Evan: “I spell win E-V-A-N”. Really? Because that’s how I spell ‘giant baby’. Nose bleed count = 2.
2 on 1 with Chad and Alex. Alex is the same size as his luggage! Aww! He has to have tried to fit in there before. I bet he fits nicely in to overhead compartments on airplanes. Chad loses his shit with the rest of the group. Chad to EVERYONE “Want to go outside? Let’s go outside right now!” No one goes outside with him, because there are bears outside probably. Then he threatens to find Jordan once the shows over. “You think I can’t find you when you go home? You think I won’t come to your house and peep through your windows while you change?”

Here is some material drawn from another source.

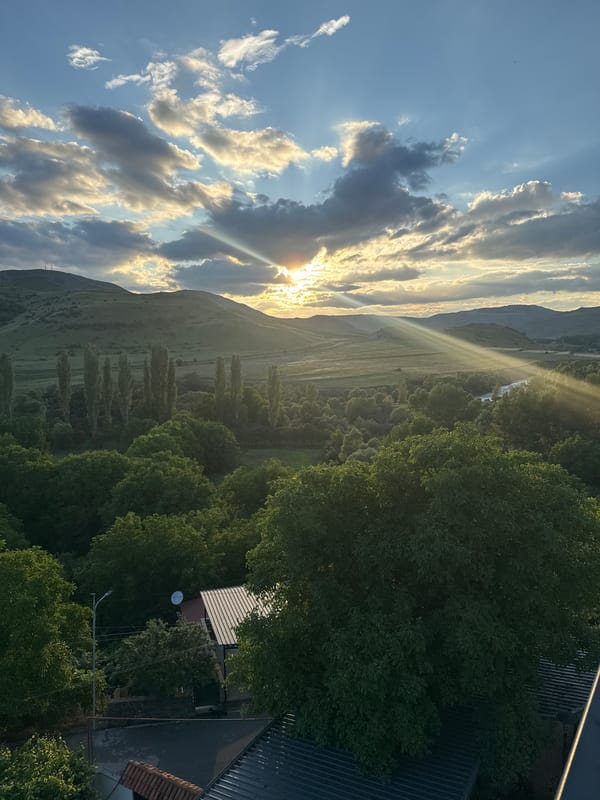 Golden hour light breaks over Aspindza's rooftops and stormy sky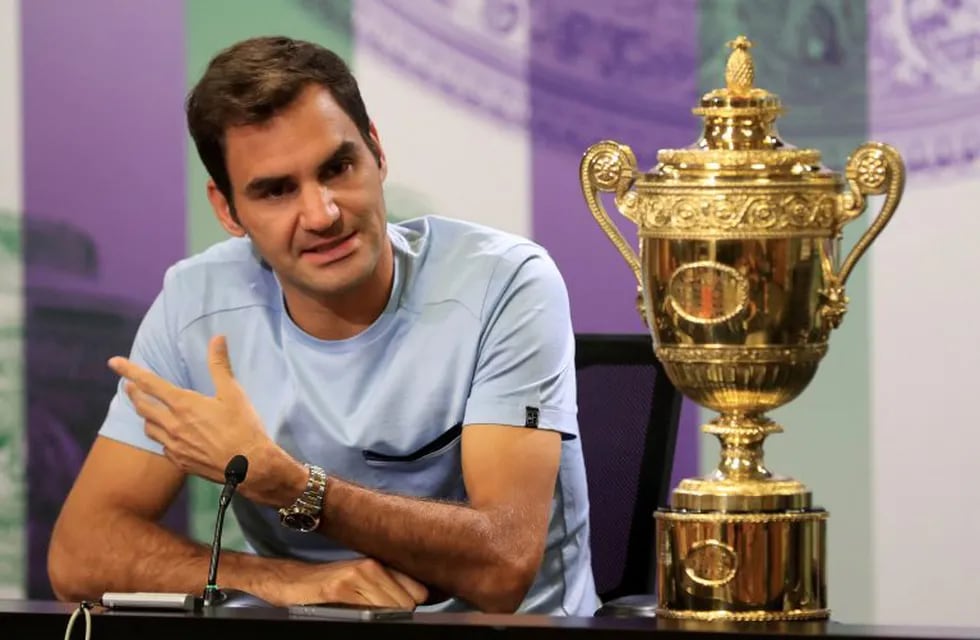 Switzerland's Roger Federer speaks next to the Men's Single's tennis trophy he won on Sunday during a photo call at The All England Lawn Tennis and Croquet Club, Wimbledon, England, Monday July 17, 2017. Federer's eighth Wimbledon title pushed him back up to No.3 in the ATP rankings. (Adam Davy/PA via AP)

Alex wears the hardest working button down from baby Gap to go hiking. Nice cargo pants. Good thing you have all those tiny pockets for all the tiny cargo you will need to store today. Who’s bright idea was it to give Chad an axe? “You ever float in the river? It’s one of the only things we have in Oklahoma”. Well, that and “luxury real estate”, right Chad? Jojo and the producers pull an Olivia on Chad and leave him stranded in the woods. No hug, no goodbye, do not pass go, do not collect $100. I could do without the terrifying whistle he keeps using walking around in the woods. This is the Bachelorette – nobody wants nightmares.
We say goodbye to Chad but he still wins for pulling the most hurtful line any of us have ever heard from our parents. “I’m not mad, just disappointed.” Also, “milk is delicious”, “pigs are in the castle”, and “life aint always blueberries and paper airplanes”.
The guys see Chad’s luggage get brought out and start doing shots to celebrate. Fireball? What are you, 18? Enjoy your heartburn and hangovers, ladies.